* DATASET EXCERPTS *
== Segment start ==
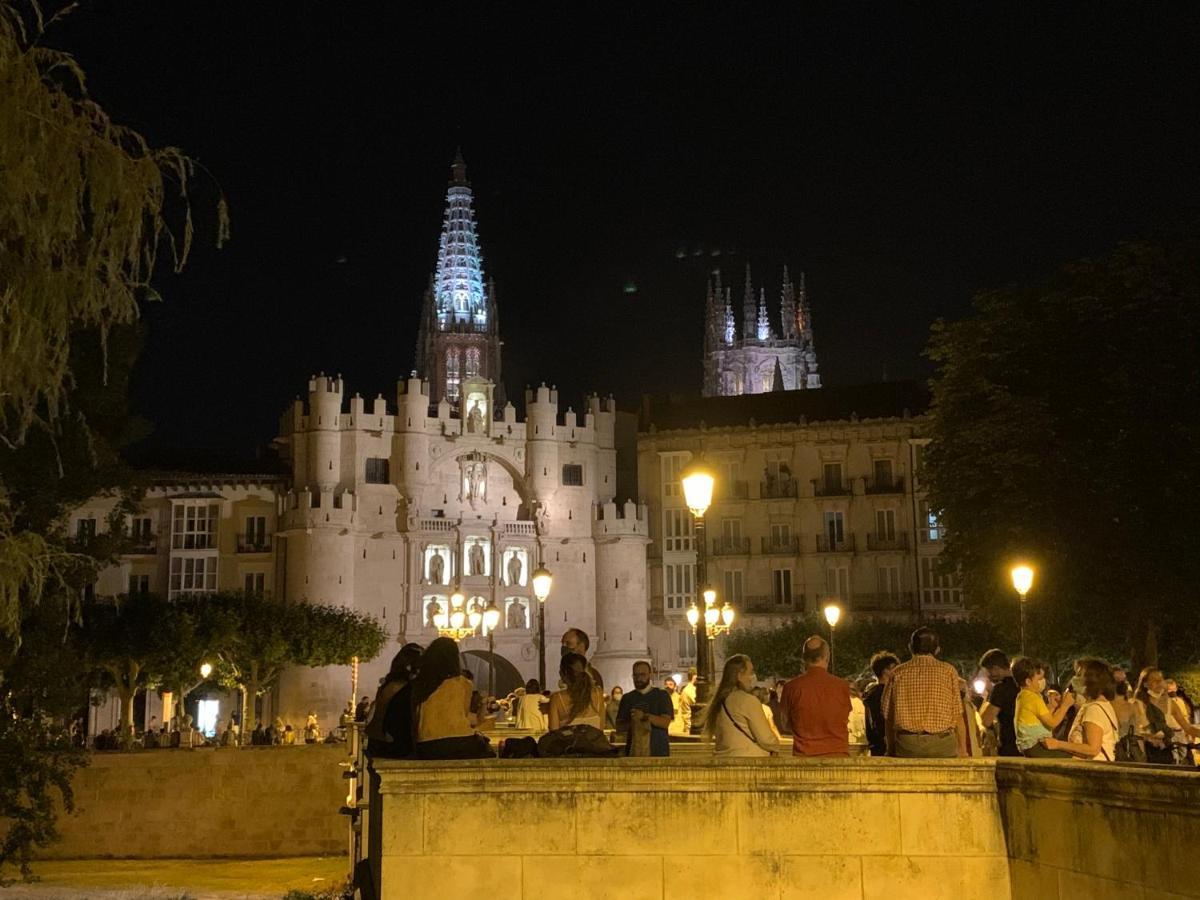BurgoMirando A La Catedral Desde Plaza Vegaアパートメント エクステリア 写真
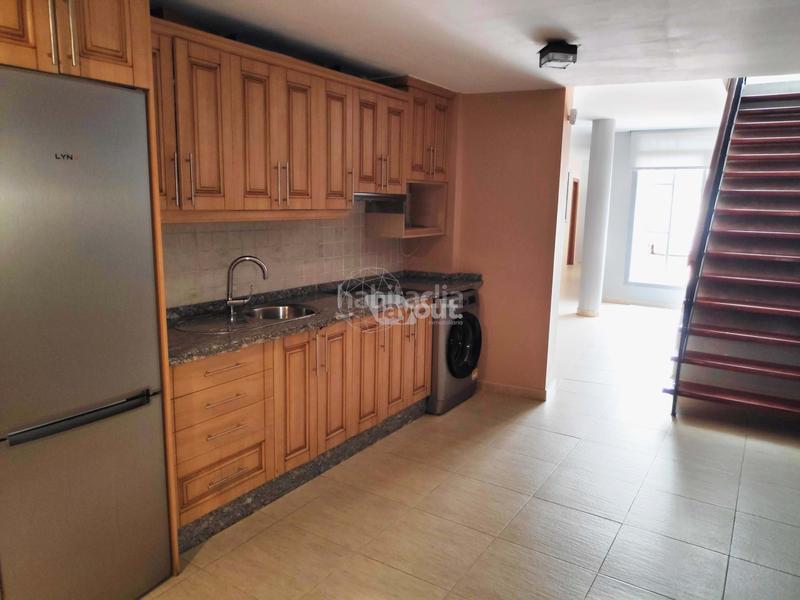 Foto d71c45ca-7154-49b3-a318-be53e93c5fa2. Casa amplia vivienda unifamiliar adosada , situada a escasos metros del parque natural de la isla. con 394m construidos, 6 en Plasencia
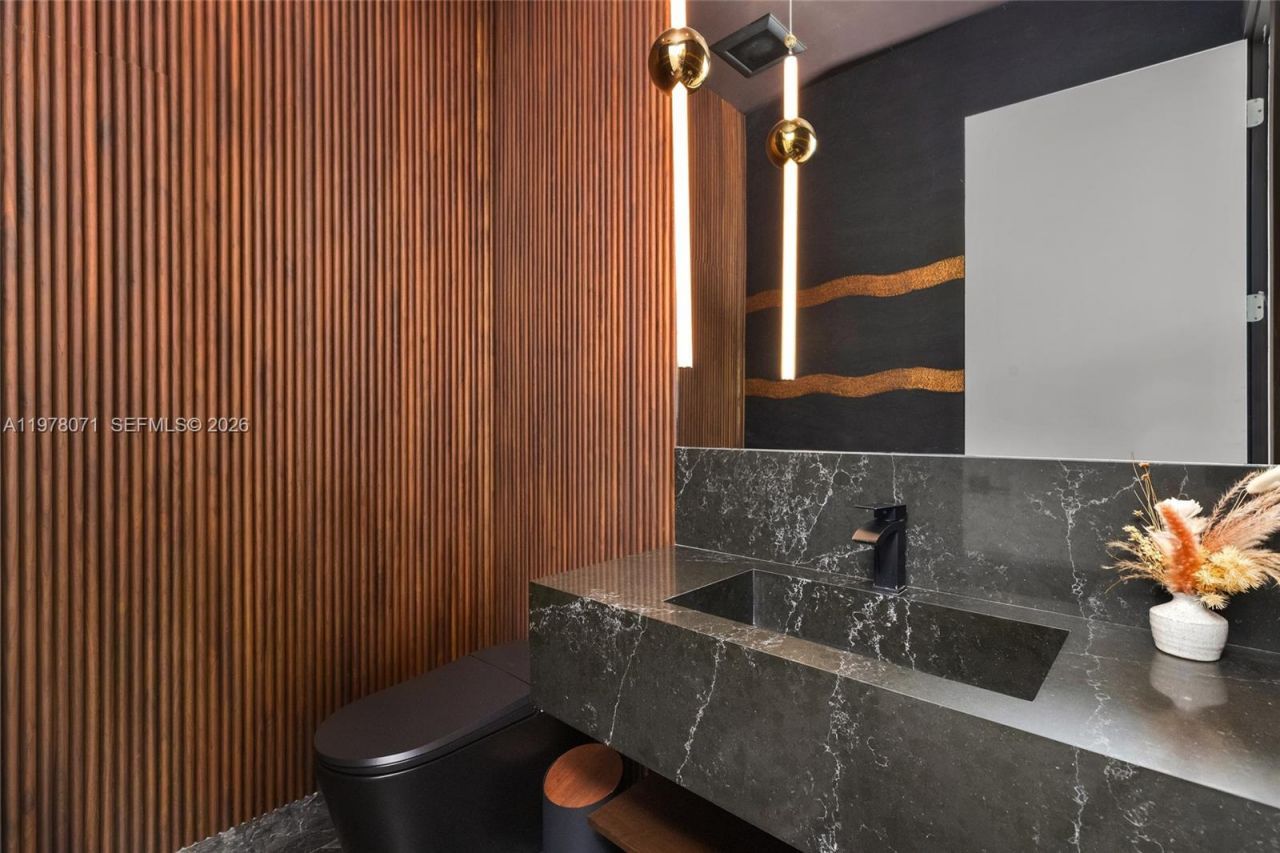 5701 N Bay Rd , Miami Beach, FL 33140 Photo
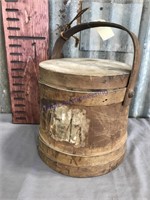 Wood bucket w/ lid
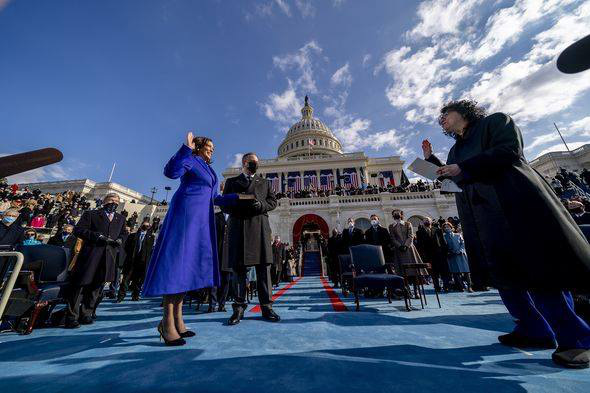 Trump cố tình làm điều này khiến ông Biden phải chờ đợi bên ngoài Nhà Trắng ngày nhậm chức? - Ảnh 1.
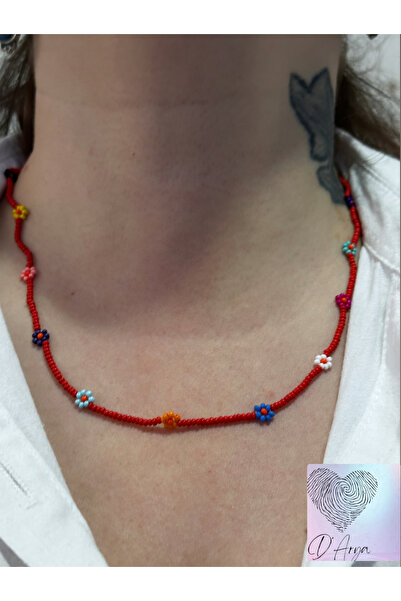 Darya DD399 قلادة من الخرز الأحمر مصنوعة يدويًا مع تفاصيل زهرة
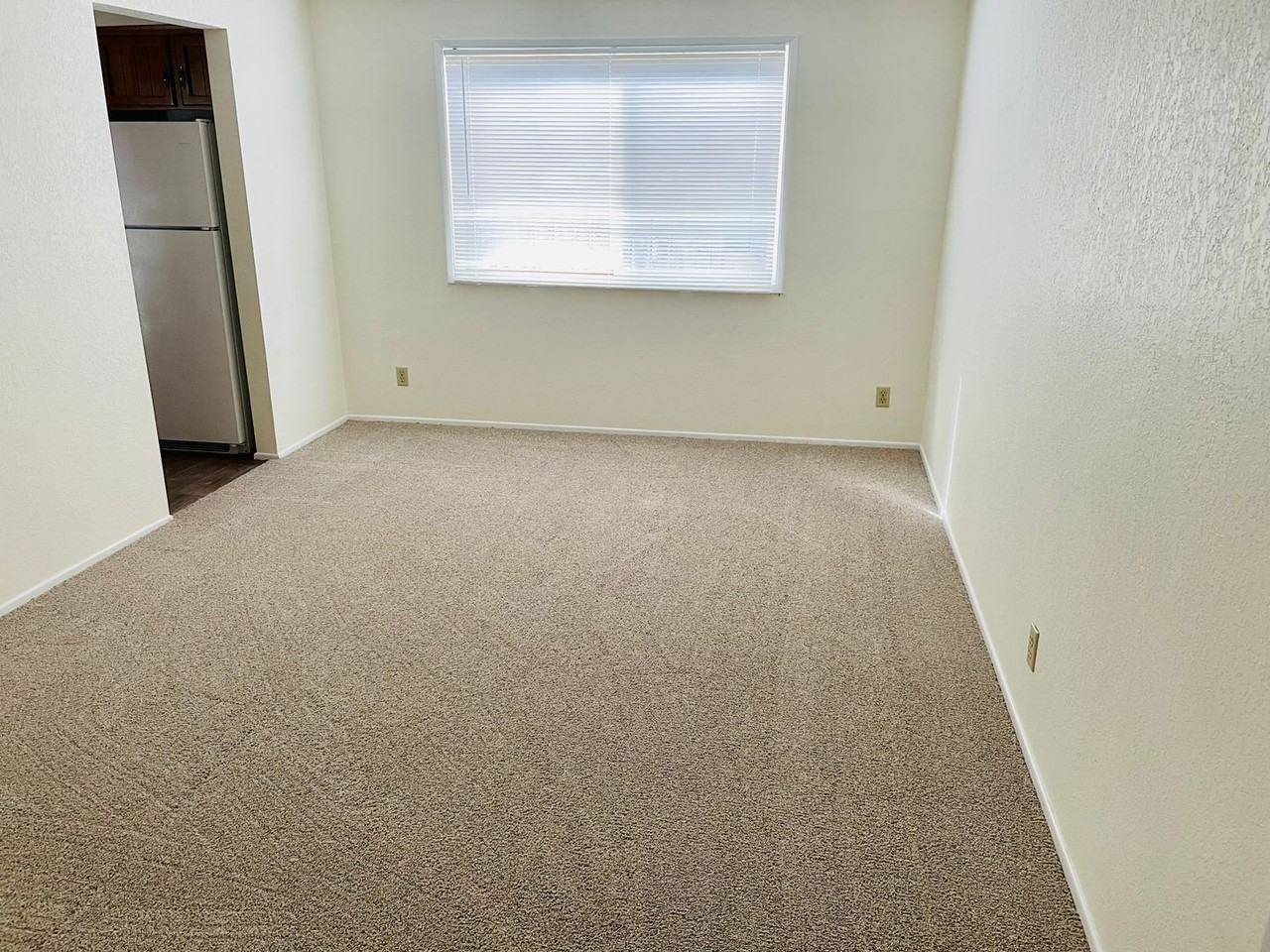 5522 Beechwood Ct S - Photo 6 of 21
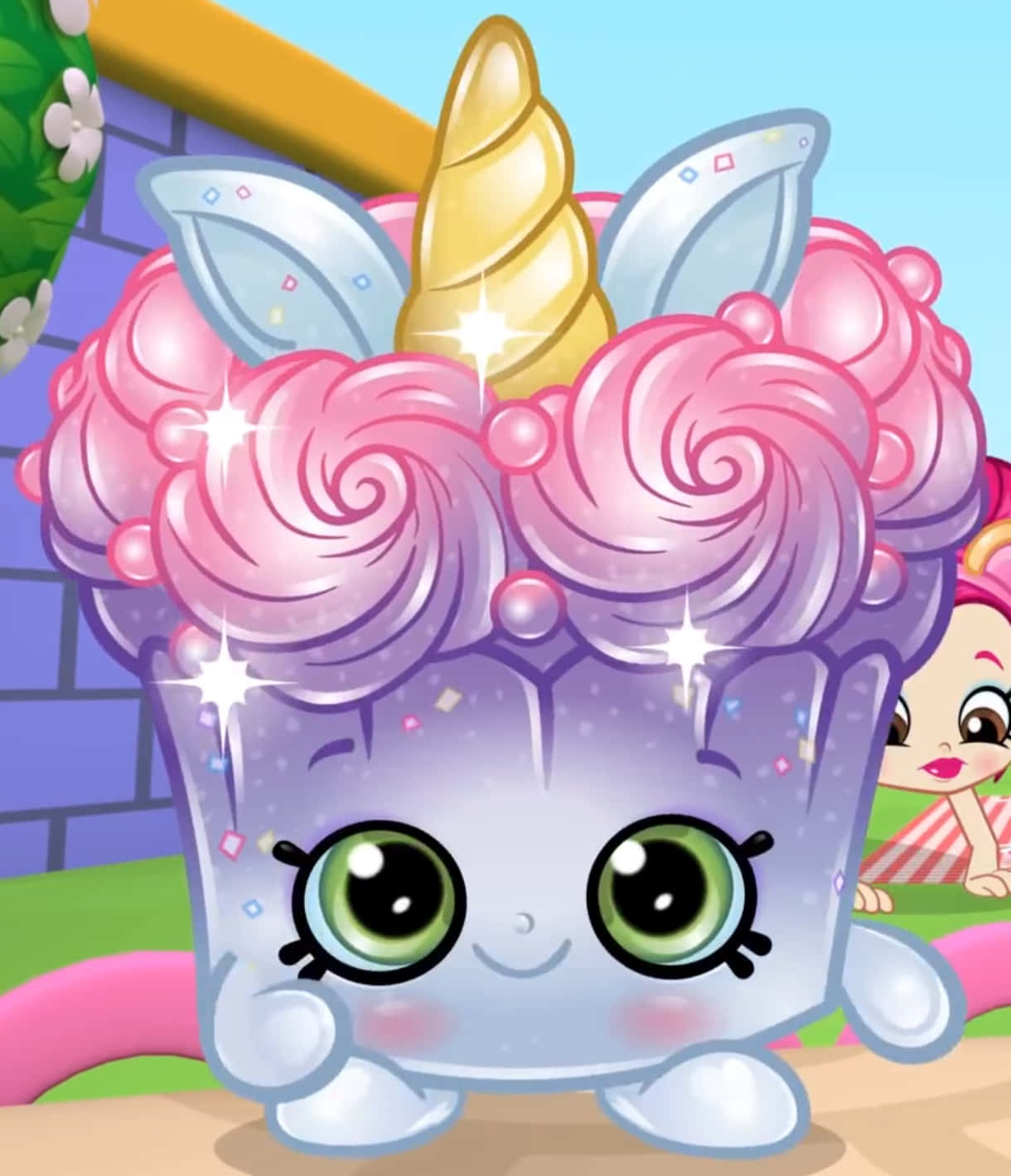 Shopkins 桌布 壁紙 — 一個快樂的卡通杯子蛋糕，帶有粉紅色漩渦糖霜、金色角和閃亮翅膀，在色彩繽紛的背景上燦爛微笑。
== Segment end ==
* TASK INSTRUCTIONS *
Find the line that contains "Trump cố tình" and repeat it, along with every line after it to the end of the data, exactly; drop the pictures.

* WRITTEN ANSWER *
 Trump cố tình làm điều này khiến ông Biden phải chờ đợi bên ngoài Nhà Trắng ngày nhậm chức? - Ảnh 1.
 Darya DD399 قلادة من الخرز الأحمر مصنوعة يدويًا مع تفاصيل زهرة
 5522 Beechwood Ct S - Photo 6 of 21
 Shopkins 桌布 壁紙 — 一個快樂的卡通杯子蛋糕，帶有粉紅色漩渦糖霜、金色角和閃亮翅膀，在色彩繽紛的背景上燦爛微笑。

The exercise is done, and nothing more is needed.